Refer to `check_quality.py`

#### 4.3 Data dictionary 
Refer to https://ibb.co/hKYSVqc

#### Step 5: Complete Project Write Up
* Clearly state the rationale for the choice of tools and technologies for the project.
* Propose how often the data should be updated and why.
* Write a description of how you would approach the problem differently under the following scenarios:
 * The data was increased by 100x.
 * The data populates a dashboard that must be updated on a daily basis by 7am every day.
 * The database needed to be accessed by 100+ people.

#### Clearly state the rationale for the choice of tools and technologies for the project.
1. Pandas for sample data set exploratory data analysis
2. PySpark for large data set data processing to transform staging table to dimensional table

#### Propose how often the data should be updated and why.
1. Tables created from immigration and temperature data set should be updated monthly since the raw data set is built up monthly.
2. Tables created from demography data set could be updated annually since demography data collection takes time and high frequent demography might take high cost but generate wrong conclusion.
3. All tables should be update in an append-only mode.

#### The data was increased by 100x.
* If Spark with standalone server mode can not process 100x data set, we could consider to put data in AWS EMR which is a distributed data cluster for processing large data sets on cloud

#### The data populates a dashboard that must be updated on a daily basis by 7am every day.
* Apache Airflow could be used for building up a ETL data pipeline to regularly update the date and populate a report. Apache Airflow also integrate with Python and AWS very well. More applications can be combined together to deliever more powerful task automation.

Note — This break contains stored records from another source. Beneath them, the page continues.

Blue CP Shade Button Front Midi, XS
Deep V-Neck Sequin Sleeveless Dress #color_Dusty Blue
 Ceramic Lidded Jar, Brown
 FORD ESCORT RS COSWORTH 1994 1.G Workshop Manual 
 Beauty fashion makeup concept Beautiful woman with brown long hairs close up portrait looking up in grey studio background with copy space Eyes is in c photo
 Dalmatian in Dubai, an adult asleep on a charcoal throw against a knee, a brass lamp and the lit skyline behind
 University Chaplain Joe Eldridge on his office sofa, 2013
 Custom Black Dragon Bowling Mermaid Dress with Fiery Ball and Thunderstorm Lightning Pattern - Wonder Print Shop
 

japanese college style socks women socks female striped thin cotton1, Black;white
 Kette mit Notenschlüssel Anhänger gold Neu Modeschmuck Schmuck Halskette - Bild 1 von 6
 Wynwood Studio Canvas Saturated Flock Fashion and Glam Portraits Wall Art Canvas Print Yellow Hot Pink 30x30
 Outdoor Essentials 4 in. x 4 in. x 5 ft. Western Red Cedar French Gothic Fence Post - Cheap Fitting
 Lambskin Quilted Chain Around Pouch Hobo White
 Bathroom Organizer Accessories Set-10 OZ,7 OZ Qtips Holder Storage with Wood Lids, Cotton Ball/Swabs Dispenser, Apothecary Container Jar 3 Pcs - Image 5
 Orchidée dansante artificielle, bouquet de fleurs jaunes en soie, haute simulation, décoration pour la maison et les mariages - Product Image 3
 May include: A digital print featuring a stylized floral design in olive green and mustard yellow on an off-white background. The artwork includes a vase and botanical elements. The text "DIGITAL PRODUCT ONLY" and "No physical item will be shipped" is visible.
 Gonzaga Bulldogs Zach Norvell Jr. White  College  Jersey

#### The database needed to be accessed by 100+ people.
* AWS Redshift can handle up to 500 connections. If this SSOT database will be accessed by 100+ people, we can move this database to Redshift with confidence to handle this request. Cost/Benefit analysis will be needed if we are going be implement this cloud solution.

#### Validate data model

##### Airport station will get benefits from this data warehouse
##### Some questions would be anwsered with the help of this data model:
1. Which state has the most people arrive?
2. When do people most usually travel?
3. Does temperature of city or state affect to the traveling of people

##### Some queries could be provided:
Top 5 states that people love to travel mostly `select top 5 state_code, count(immigration_id) from fact_immigration group by state_cde order by state_code desc`

Top 3 months that people love to travel mostly `select top 3 month(arrive_date) as month_arrive, count(immigration_id) from fact_immigration group by month_arrive order by month_arrive desc`